Don’t adjust your dial, folks…these are two different inGraphs of two different metrics. The first is a datavault metric representing the HTTP message count to a service. The second is another Datavault metric representing auth failure counts to that same service. Pretty tight correlation, right? In order to understand what’s going on here, a little bit of background on Datavault. Per the link:

The Datavault project aims to:

Encrypt inter-service communications, both within and between data centers Optionally, authenticate inter-service calls; that is, to answer the question “who is calling me?” Optionally, authorize inter-service calls; that is, to enforce rules about which callers are allowed to do what

Okay, so encryption between services, authentication of callers (in Datavault parlance: “principals”), and authorization for those principals.
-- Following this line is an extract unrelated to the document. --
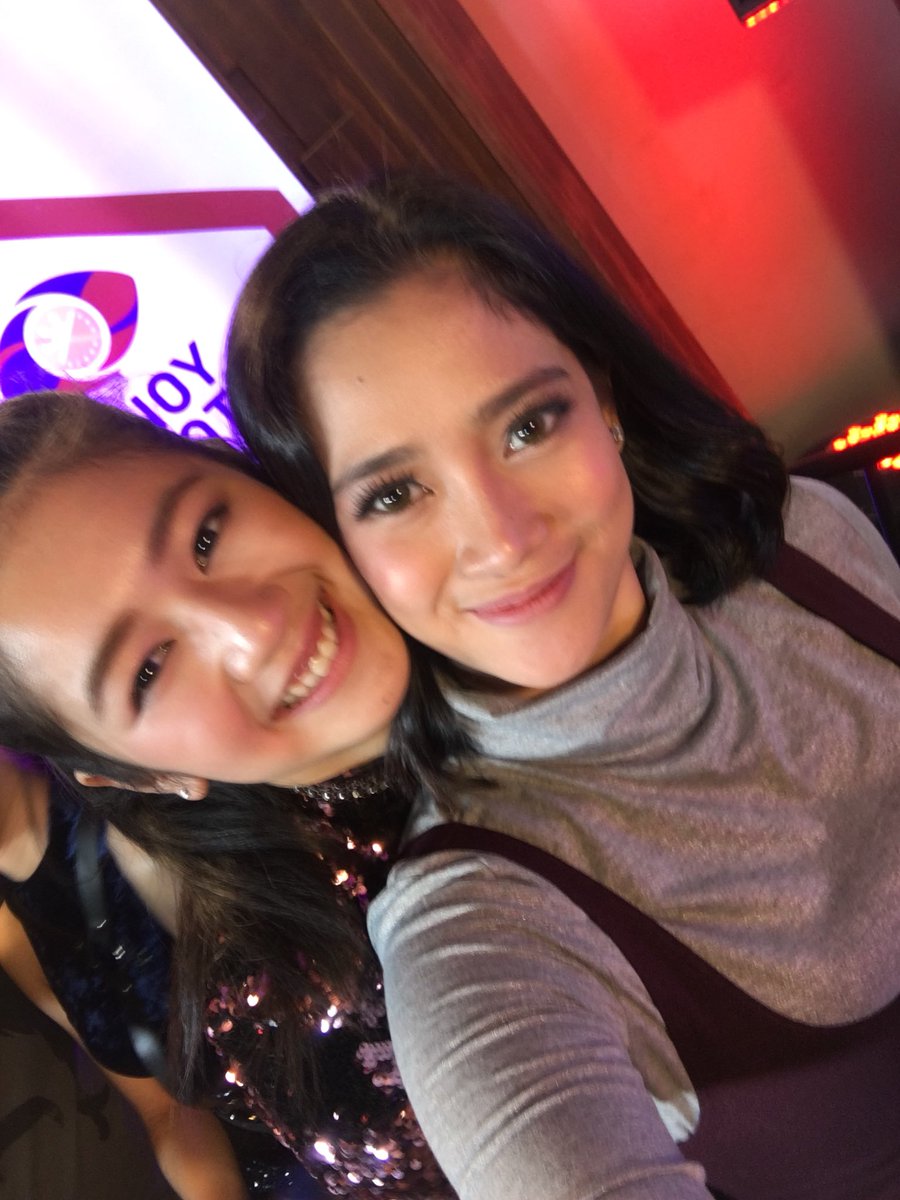 PamuPamorada08's tweet photo. #PBBBig8tingSalubong  hahaha picture with them kainis mejo blurred yung kme ni karina! 🏡🏡🏡🏡 BigFour... https://t.co/shwGz2VbWQ
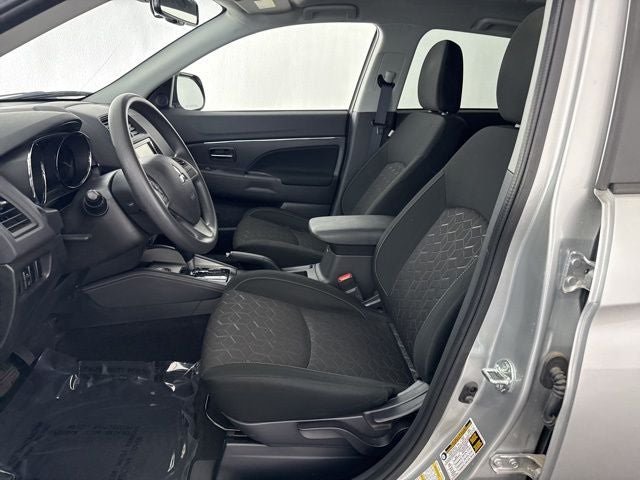 2024 Mitsubishi Outlander Sport S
Another bit of helpful background for those not super-familiar with D2: It allows for announcement using multiple protocols as well as prioritization of which of those protocols to prefer. For instance, a service might announce over both HTTP and HTTPS for a given endpoint, and specify HTTPS_FIRST (meaning “Prefer HTTPS, unless the service is unavailable or exhibiting degraded performance over HTTPS in which case fall back to HTTP.”) This capability is important for understanding what happened here. In AK’s own words:

For a datavault enabled service with a d2 prioritized scheme of HTTPS_FIRST the following sequence of events can happen in case of degradation in performance:

a. Service has degraded performance because of any reason (e.g., High/Long GC rate during a traffic shift into a colo) b. Latency for establishing connections and response times increase c. d2 sees that the service is degrading and switches to HTTP for the service d. All requests to the service are now over HTTP and thus, the Datavault principal is NOBODY e. Datavault denies all requests and every request results in a 403 f. Upstream services see 403s and degrade in a chain reaction and see the same issue propagate upwards in the chain

So…what to do about it? Well, d2 also supports a prioritization scheme of HTTPS_ONLY, which does exactly what it sounds like and is almost certainly preferable if your service is going to reject all HTTP traffic due to an unauthorized principal.